The force from the cue F remains horizontal during the hit and the contact between cue and ball is short-termed. The kinetic coefficient of friction between the table and the ball is mu_k
PROBLEM a) Determine the ball's angular velocity omega0 immediately after the hit.
-----
Since the below-c.m. hit will give the ball backspin (draw English), the ball won't have natural roll. Therefore, I can't use the simple equation v0 = omega0*r, since that relationship only exist in natural roll.
Instead, I have to use Newton's 2nd law, sum_F = m*a and the rotational equivalent sum_tau = I * alpha, where tau is torque (around the c.m.), I is moment of inertia of the ball and alpha is its angular acceleration.

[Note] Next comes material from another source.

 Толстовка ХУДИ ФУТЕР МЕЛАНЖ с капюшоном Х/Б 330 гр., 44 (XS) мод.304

(1) sum_F = m*a <=> sum_F = m*alpha*r
<=> F - mu_k*m*g = m*alpha*r
(2) sum_tau = I*alpha <=> r*F - 2/3*r*mu_k*m*g = (2/3)*m*r^2*alpha
The two expressions each have only one unknown variable, alpha. In (1) alpha is the translational contribution to the angular acceleraton, and in (2) its the rotational contribution to the angular acceleration. Sum_alpha can now be determined. The hit has the duration dt, so omega0 = sum_alpha * dt. By substituting the expression for alpha into that equation I ought to have determined omega0. Right?

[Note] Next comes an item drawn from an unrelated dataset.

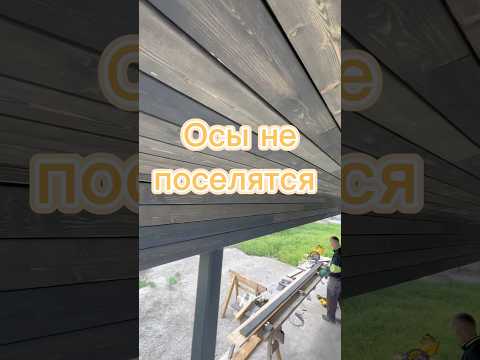 Часто в подкровельном пространстве селятся соседи, но не у нас🐝 #карниз #кровля #кликфальц #фальц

PROBLEM b) What's the velocity of the ball when it beings to do natural roll?
----
The roll is natural when v = omega * r. Since the v0 and r is known, I should then be able to determine expressions for v and omega from the kinematic equations for the two types of motion. I guess the rolling friction can be ignored, since the needed coefficient isn't given. Therefore, there is no horizontal force. Right?

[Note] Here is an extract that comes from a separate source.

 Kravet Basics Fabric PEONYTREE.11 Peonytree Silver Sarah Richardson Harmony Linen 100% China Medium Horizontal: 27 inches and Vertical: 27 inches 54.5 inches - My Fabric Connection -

PROBLEM c) Determine the work of the friction force during the ball's movement until it starts rolling on the table.
----
The ball starts at the angle 0 and reaches an angle theta. The torque is constant, since the kinetic friction is constant. Then the work done by the friction force must be W_f = tau*(theta-0) <=> W_f = tau*theta. Right?
:shy: